● Task data:

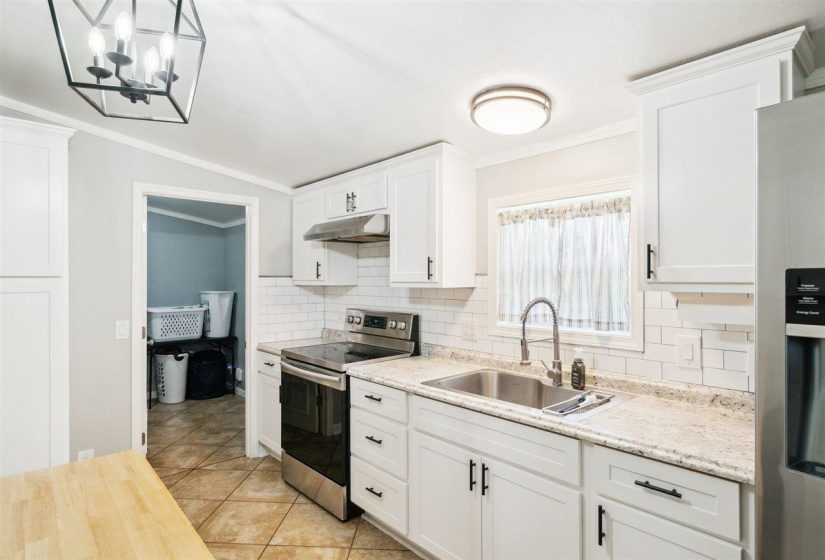 3 Bedrooms Bedrooms, ,2 BathroomsBathrooms,Residential,Mobile/manufactured Home,6th St,1,132254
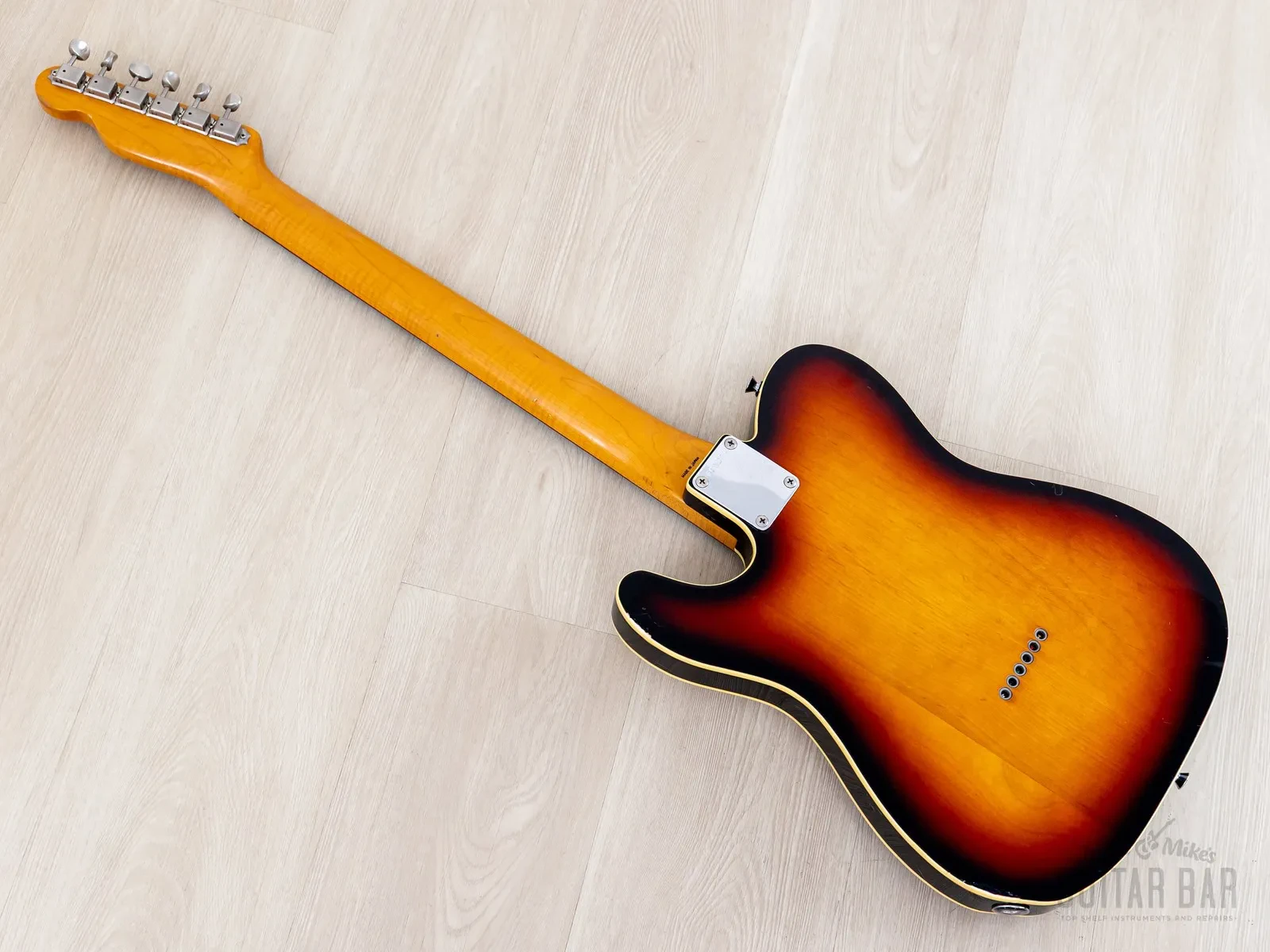 Изображение №13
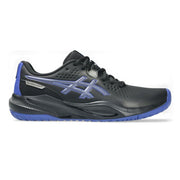 Chaussures de Tennis pour Homme Asics Gel-Challenger 15 Noir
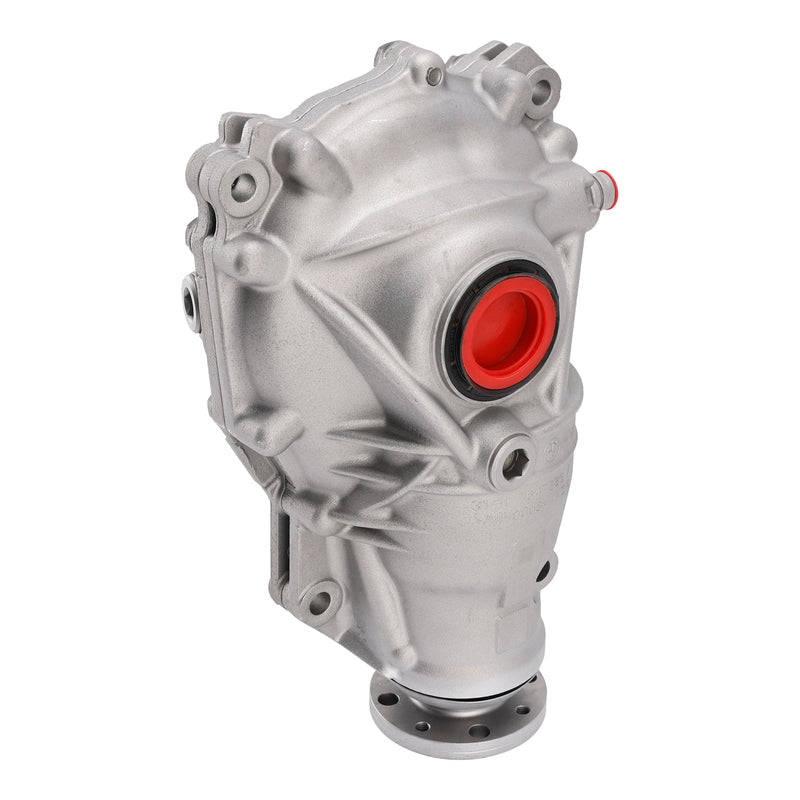 BMW F20 F30 F31 F32 X5 E70 X6 E71 Vorderachsdifferential 31507590898 3,15 Verhältnis 7590898 31507590898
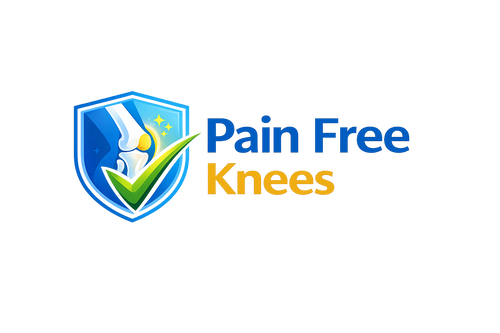 FIX YOUR KNEES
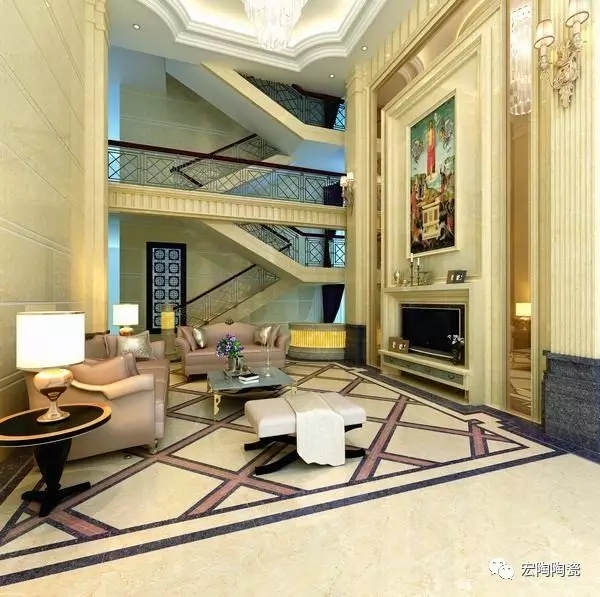 腾博会官网 - 诚信为本,专业效劳!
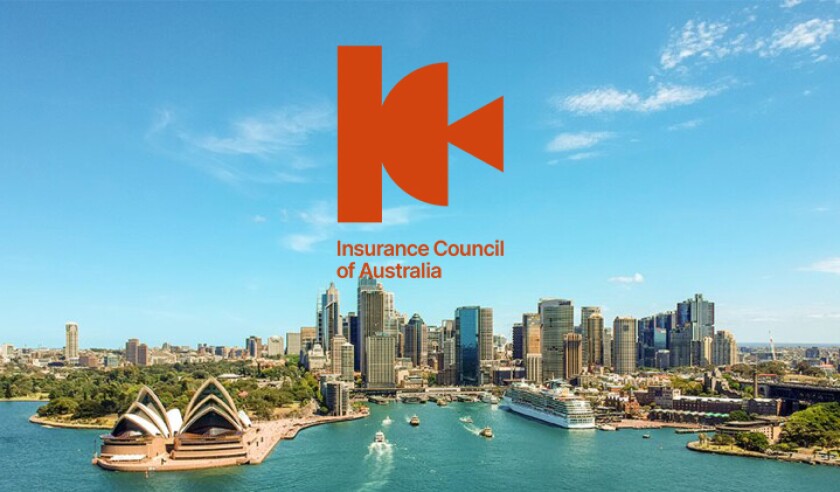 ica insurance council of australia sydney.jpg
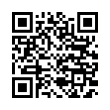 QR-koda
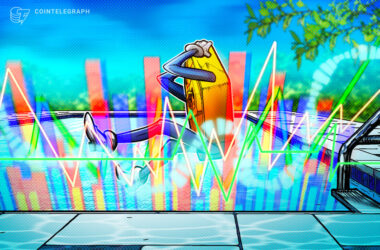 grayscale-eth-trust-nears-record-60%-discount-as-nerves-continue-over-dcg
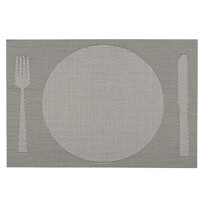 Prestieranie Culinaria Snack, 45 x 30 cm Prestieranie Culinaria Snack, 45 x 30 cm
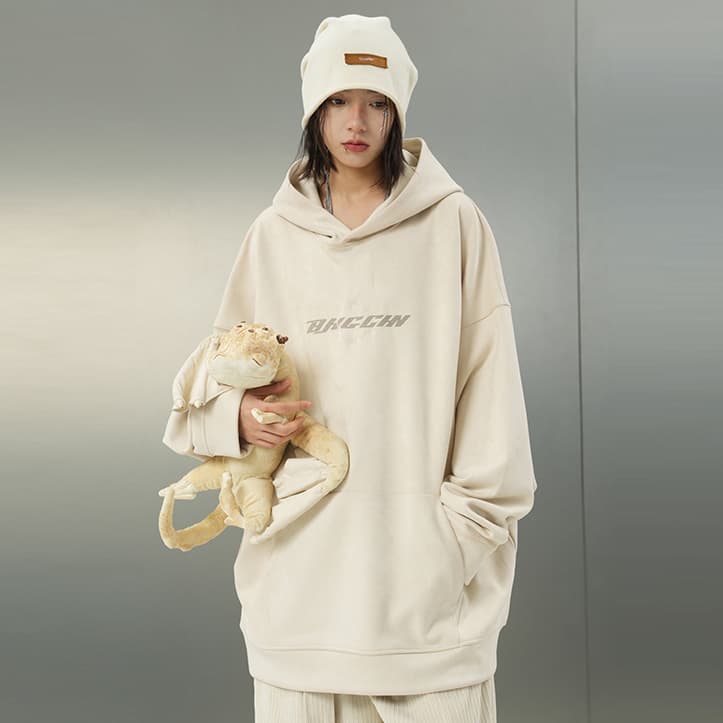 BJHG Star B Series Hoodie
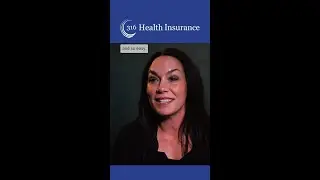 Making Health Insurance Simple for Self-Employed Clients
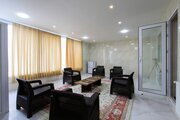 ویلا 3 خواب استخردار سورنا در ماسال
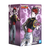 ACTION FIGURES - HISOKA - VIBRATION STARS - comprar online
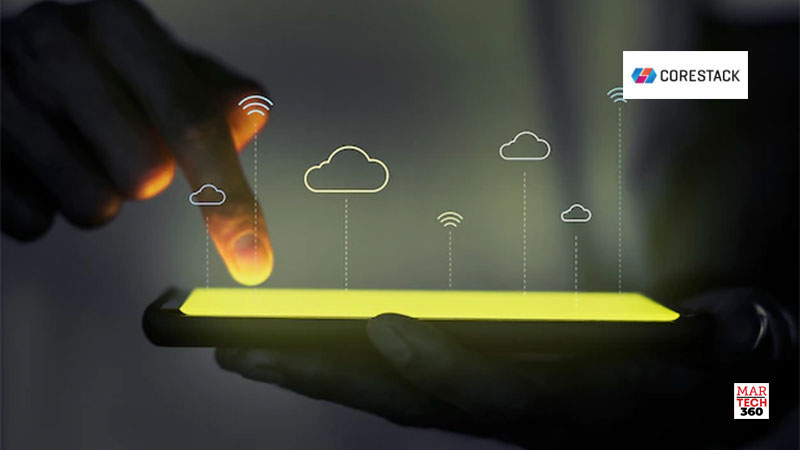 CoreStack Enhances Cloud Budget Management for NextGen FinOps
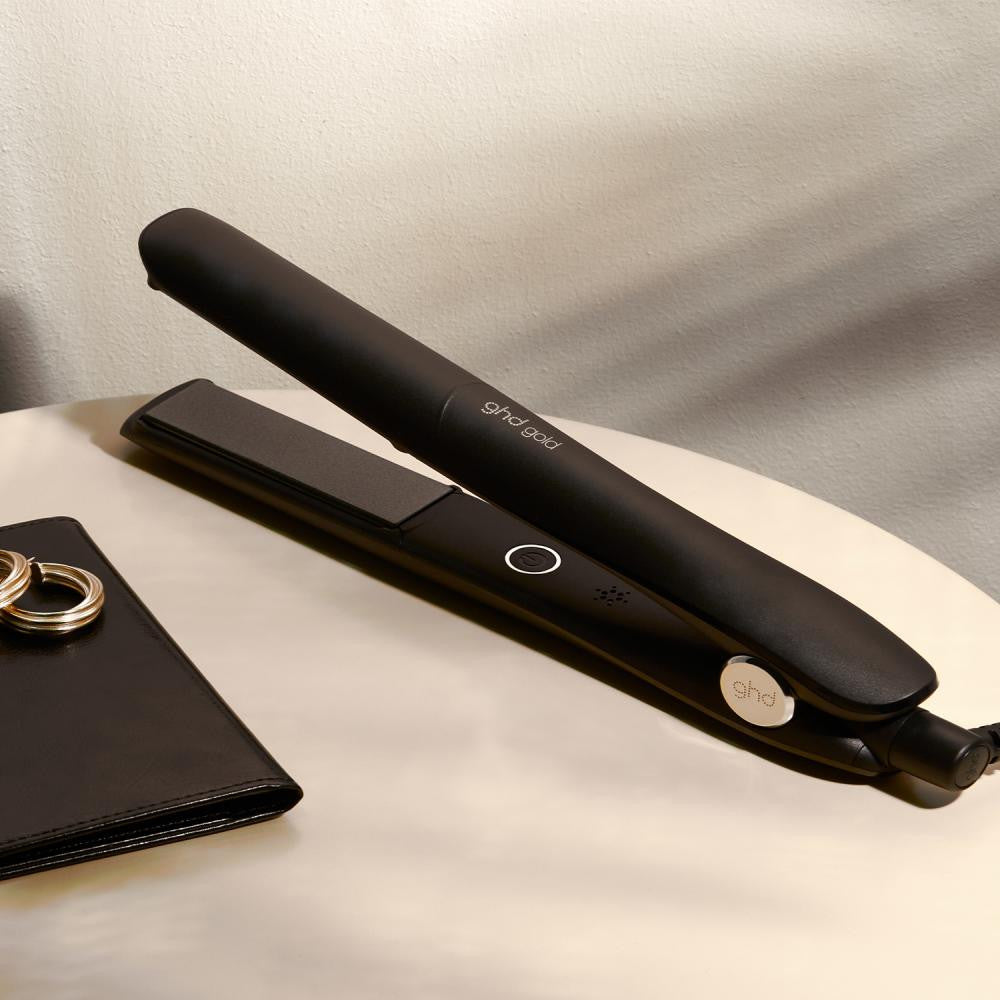 GHD Gold Professional Styler 1"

● How to complete this task:
Print nothing but the lines above starting with the line that contains "Изображение №13" and going on through the line that contains "BJHG Star B Series Hoodie". Leave out the pictures.

● Answer to this task:
 Изображение №13
 Chaussures de Tennis pour Homme Asics Gel-Challenger 15 Noir
 BMW F20 F30 F31 F32 X5 E70 X6 E71 Vorderachsdifferential 31507590898 3,15 Verhältnis 7590898 31507590898
 FIX YOUR KNEES
 腾博会官网 - 诚信为本,专业效劳!
 ica insurance council of australia sydney.jpg
 QR-koda
 grayscale-eth-trust-nears-record-60%-discount-as-nerves-continue-over-dcg
 Prestieranie Culinaria Snack, 45 x 30 cm Prestieranie Culinaria Snack, 45 x 30 cm
 BJHG Star B Series Hoodie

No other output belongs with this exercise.